Bartlett’s back story is well documented. Born in Botswana in 1992 to a Nigerian mother and an English father he grew up in Plymouth and quickly displayed an entrepreneurial flair.
Uni dropout to Dragon’ Den
At 18 he famously dropped out of Manchester Metropolitan University after one lecture and went on to launch Manchester-based social media marketing agency Social Chain in 2021 with Dominic McGregor.
Two years later, in October 2019, Social Chain merged with German-based Lumaland AG to form The Social Chain AG and within 12 months, Bartlett and McGregor had exited.
By then Bartlett was already established as the host of the Diary Of A CEO podcast, which he launched in 2017.
I’ve known Bartlett for a decade and it was obvious his departure from Social Chain was not going to be the last we heard of him.
In 2021 he became the youngest Dragon on Dragons’ Den at the age of 28.
In the run-up to today’s announcement about Steven.com – on October 21st – Bartlett resigned as a director on FlightStory Group, to be replaced by his brother Jason.
FlightStory’s studio division produces a series of hit podcasts, with the latest addition being Dr Kristen Holmes’s ‘The Line’.
Today’s announcement completes a seminal year in Bartlett’s career. As well as turning down an offer of £75m for his podcasting business he signed a deal with the world’s No.1 talent agent, WME, to represent him in the USA.
The strange thing about Bartlett is despite his high profile – he has more than 24 million social media followers – relatively little is known about the eclectic mix of interests that make up his burgeoning business empire.

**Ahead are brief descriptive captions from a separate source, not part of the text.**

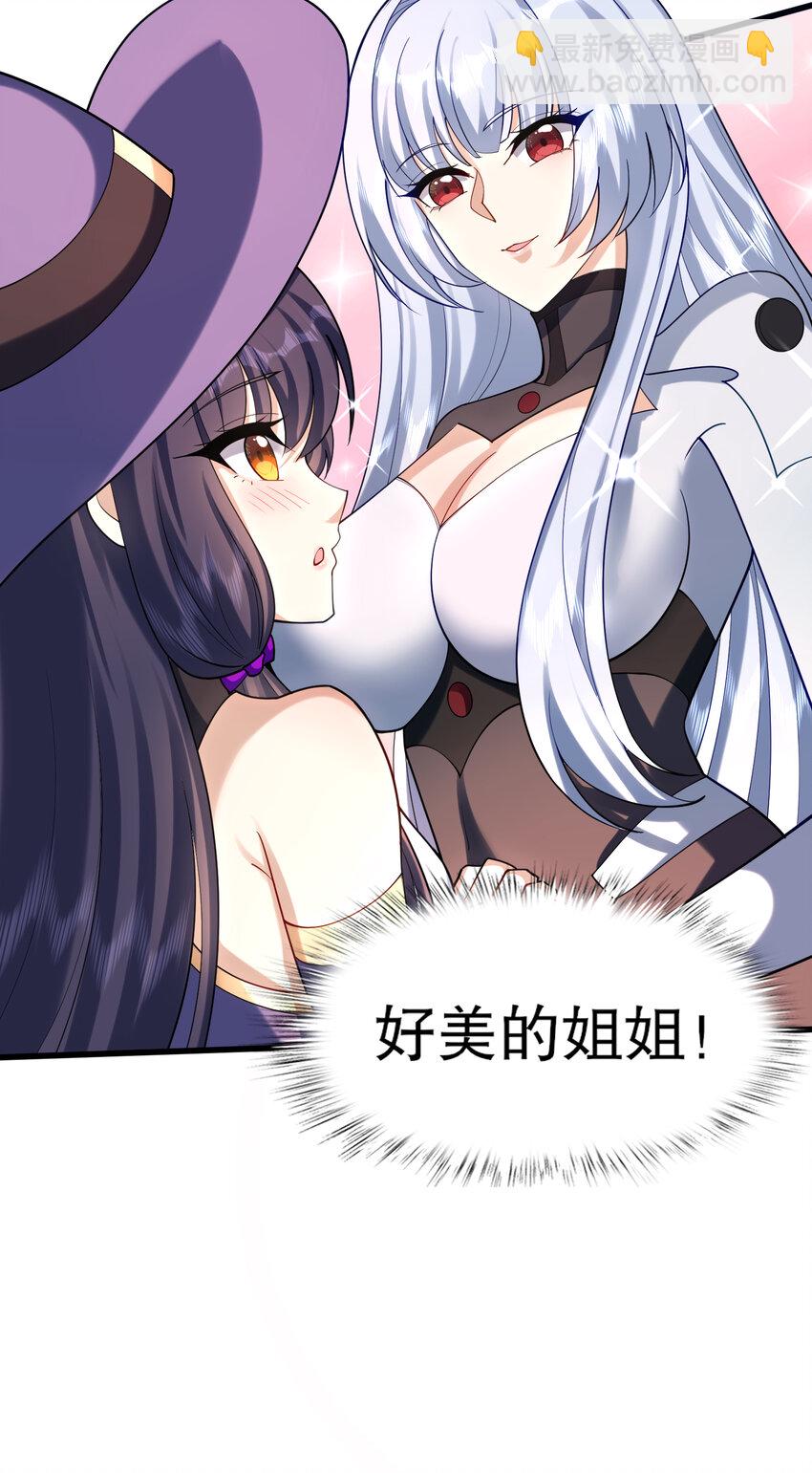 第176话 挑战牛族势力！43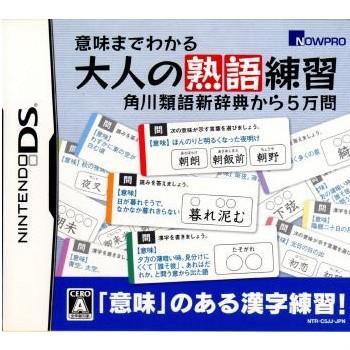 『中古即納』{NDS}意味までわかる大人の熟語練習 角川類語新辞典から5万問(20090115)｜mediaworld-plus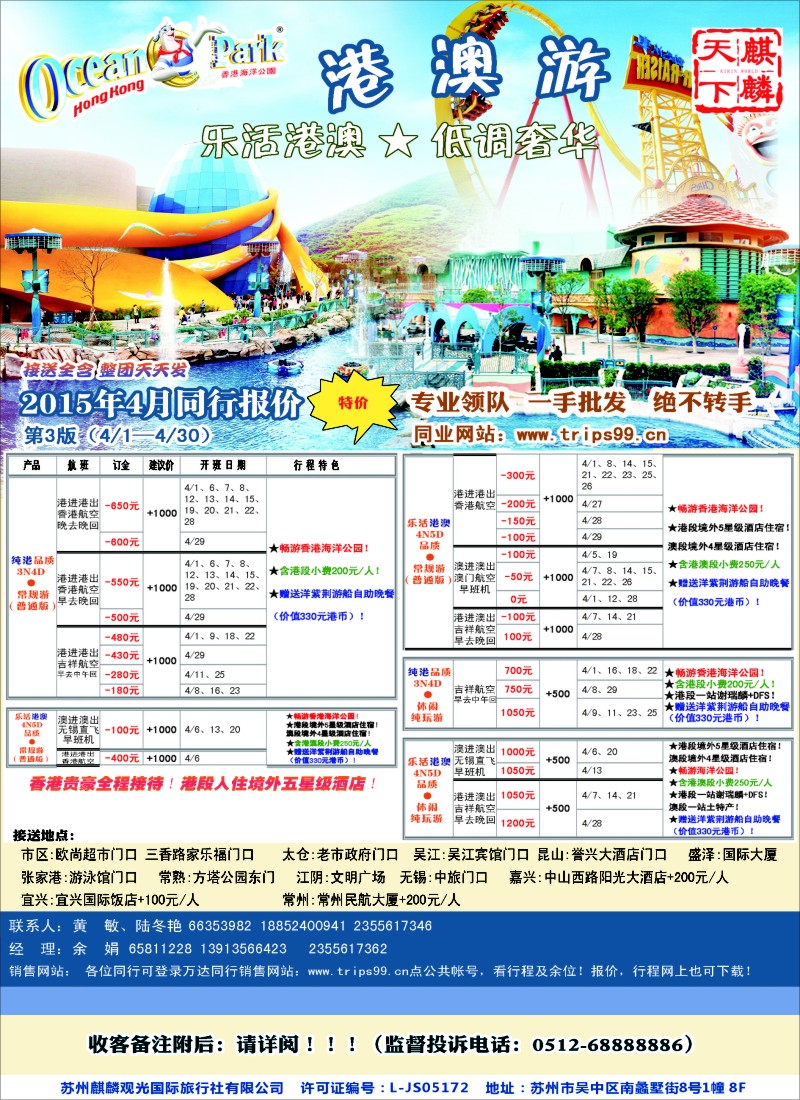 d彩6万达假期-港澳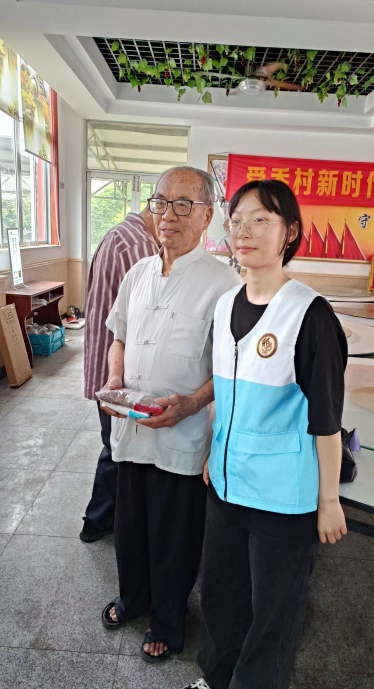 微信截图_20230724110517.png 微信截图_20230724110517.png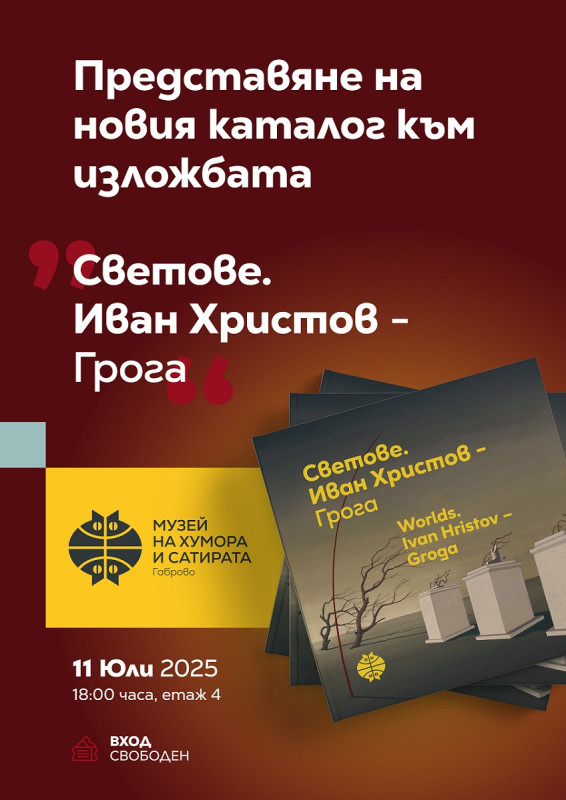 Снимка на новина 13635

Speaking ahead of today’s Steven.com announcement, he said: “The business we’re building here is called Flight. Diary Of A CEO is one such IP. Flight is the company and within Flight you have FlightStory, which is the media business, and you have Flight Fund, which really focuses on ventures.
“The overarching story is that we want to build the company that is the Disney of the creator economy, much like Disney has Mickey Mouse as its IP and build a world around Mickey Mouse. We do the same around creators. We scale their reach, their audience, their community and the value of the IP. We commercialise it.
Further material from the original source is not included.